For Jeffrey Boyd, Experience Honed in a Tough Ward

Jeffrey Boyd.
PHOTO BY THEO WELLING
Jeffrey Boyd.

On the morning of Saturday, January 7, people pack into the Best Place Event Center on Martin Luther King Drive to grab flyers and other promotional materials and listen to a training seminar on how to better canvass the city in support of their chosen candidate for mayor, Jeffrey Boyd.

For the past fourteen years, Boyd, 53, has been the alderman representing one of the toughest neighborhoods in St. Louis, the 22nd Ward — an area that occupies a section of Martin Luther King Drive between Kienlen Avenue and Union Boulevard. He knows exactly how tough it is from first-hand experience: He and his family live there.

A graduate of Northwest High School, Boyd grew up in the ward before beginning a career in the army as a supply sergeant and logistics instructor. In his childhood, the 22nd Ward was considered a shopping mecca. But when he returned to St. Louis to start a family, the neighborhood had deteriorated into a morass of crime and abandoned property. He was bewildered by the changes, but determined to make a difference.

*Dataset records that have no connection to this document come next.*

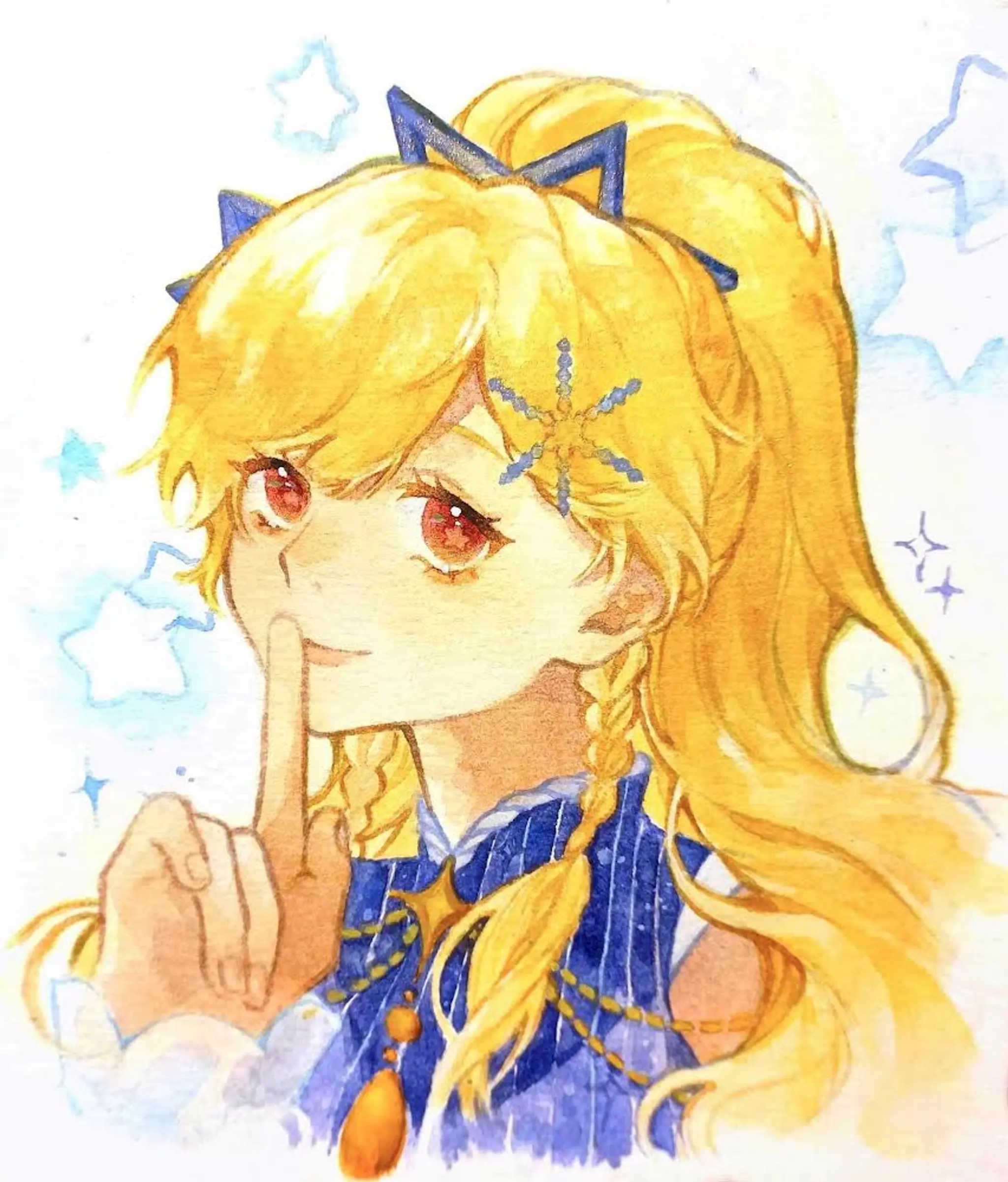Profile photo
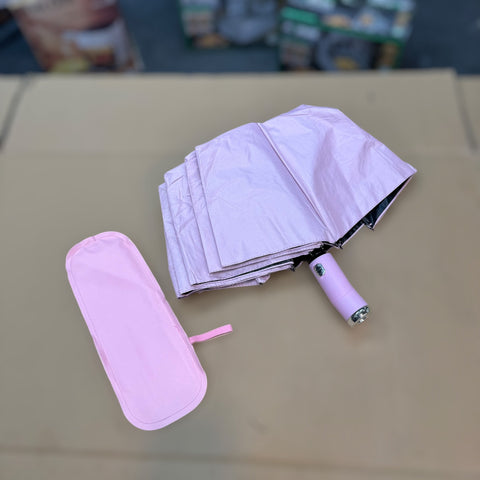 Imported Folding LED Umbrella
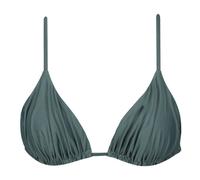 Barts Kelli Gathered W - reggiseno costume - donna Green 42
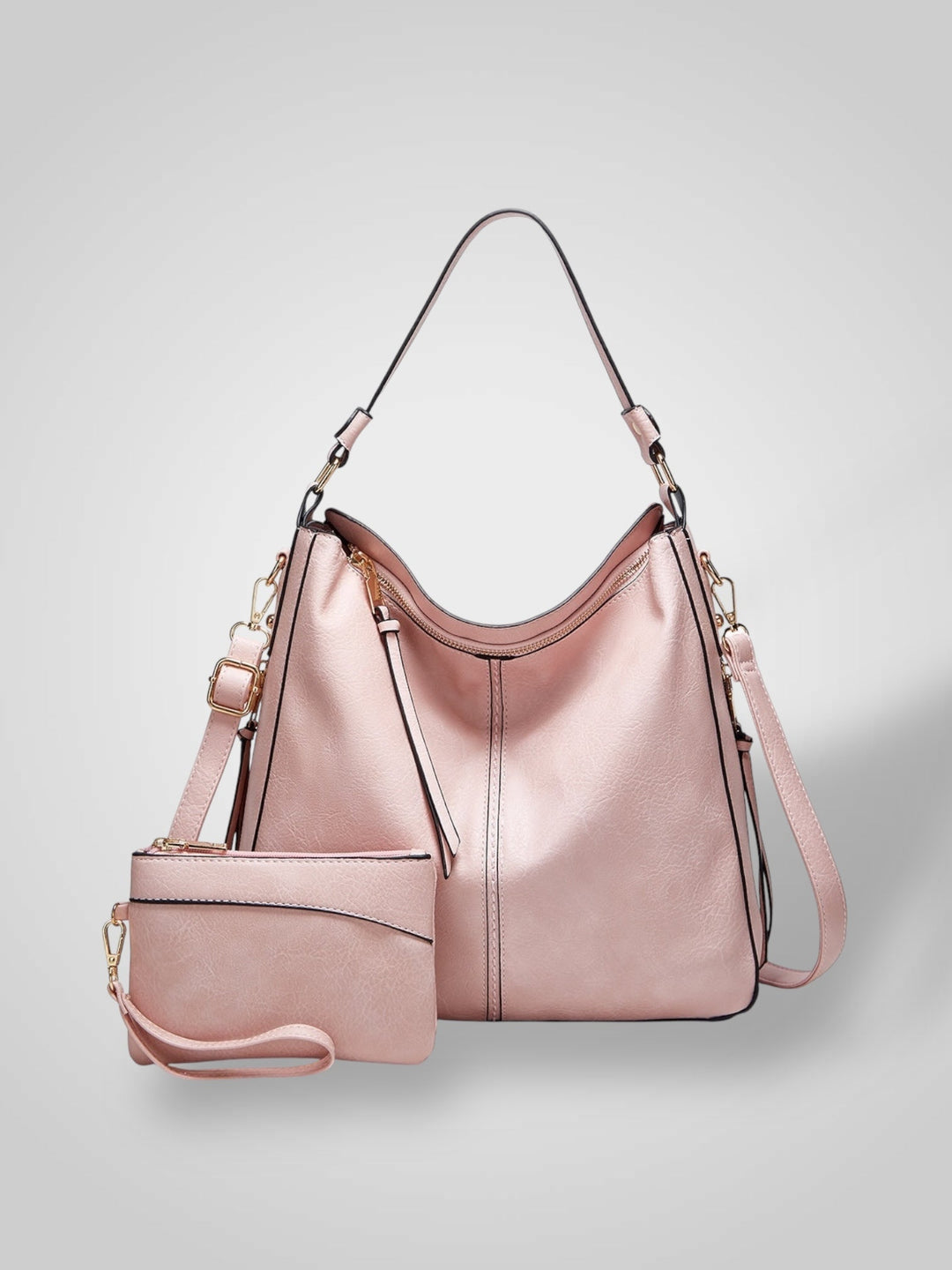 Jane | Elegant Leather Bag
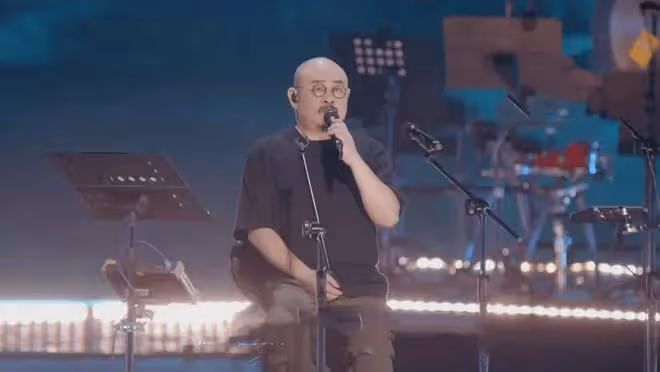 真低俗還是假專業?一場演唱會,揭開刀郎真實處境,難怪他們力挺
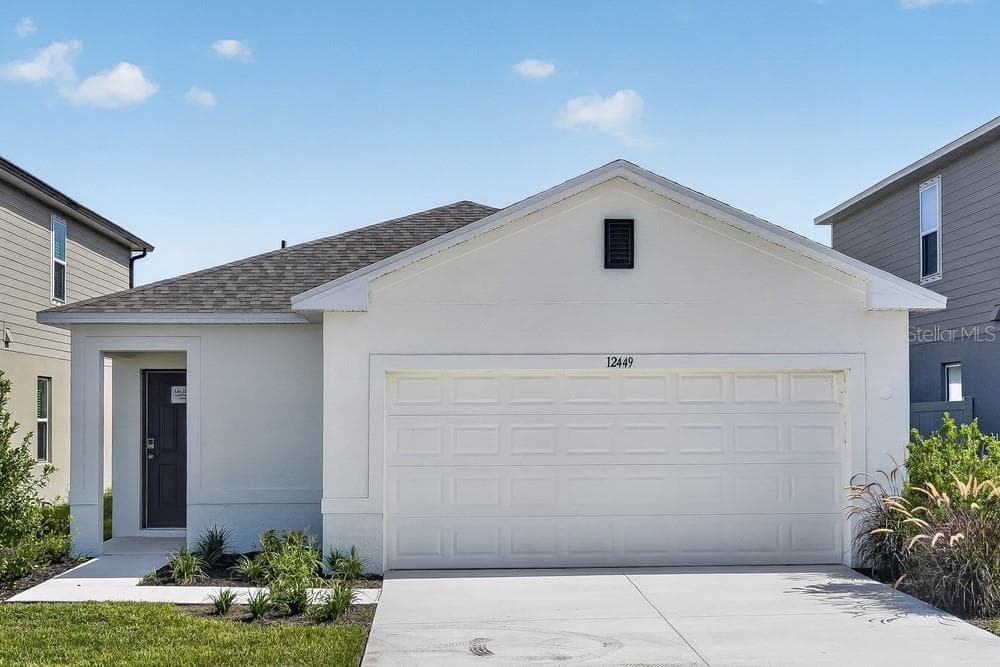12449 WHISK COURT HUDSON, FL 34669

See also: Profiles of all five leading candidates for mayor

While ward residents appear to be on board with his mayoral run, he's definitely a long shot. Amidst the crowded field, both Lewis Reed and Tishaura Jones have already won city-wide races, while the presumed frontrunner Lyda Krewson, the alderwoman representing the affluent Central West End, has $403,000 on hand, according to the Missouri Ethics Commission. Even Boyd's fellow north-side alderman, Antonio French, has a national profile and 137,000 Twitter followers, due in large part to his activism during Ferguson.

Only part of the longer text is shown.